En el
capítulo anterior, San Pablo salía de Éfeso. Este viaje es diferente: ahora no
va a evangelizar nuevas zonas, sino que regresa a Jerusalén. En el camino de
vuelta, en los lugares por los que va pasando, encuentra grupos de discípulos:
el trabajo ha dado sus frutos.
Aunque
tengan un objetivo claro, Pablo y sus acompañantes se adaptan a las
circunstancias, y van aceptando los medios que Dios pone en su camino: llegan a
Tiro porque el barco en el que habían embarcado debe dejar allí su cargamento.

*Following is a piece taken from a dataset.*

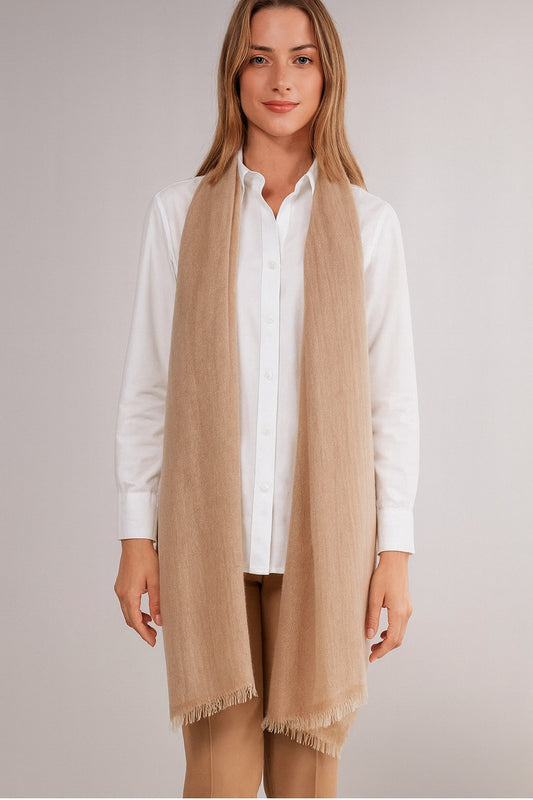 Pure Cashmere Thin Scarves / Check with Ichwor if colors in stock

A nosotros, esta Palabra también nos recomienda no aferrarnos a nuestros planes
y dejar actuar a Dios.
En Tiro hay
una comunidad numerosa de cristianos, y se quedan una semana con ellos. Iluminados
por el Espíritu Santo, advierten a Pablo, aquí y en Cesarea, para que no suba a
Jerusalén, pero él asegura no tener miedo de dar su vida por Cristo, y decide
continuar. Sus compañeros se despiden de él orando juntos, y aceptan la
voluntad del Señor, aunque les duela.
En
Jerusalén, se ha extendido el rumor de que ha enseñado por todo el mundo
doctrinas contrarias a la Ley de Moisés, ya que no ha obligado a los creyentes
procedentes del paganismo a cumplir ciertos preceptos que no eran necesarios
para su salvación.
Los hermanos
le recomiendan que acompañe a los que van a cumplir sus votos, para demostrar
que él también cumple la Ley.
De la misma
forma, nosotros debemos procurar dar ejemplo, y no escandalizar a los demás.
En el Templo
lo reconocen y, como había advertido el Espíritu Santo, lo arrestan, acusándolo
erróneamente de haber introducido paganos en el templo. Los judíos consideraban
esto una profanación, porque pensaban que la salvación era solo para ellos, el
pueblo elegido. En cambio, San Pablo trata de acercársela a todo el mundo.
Nosotros
también tenemos esa misión, porque la Salvación es universal.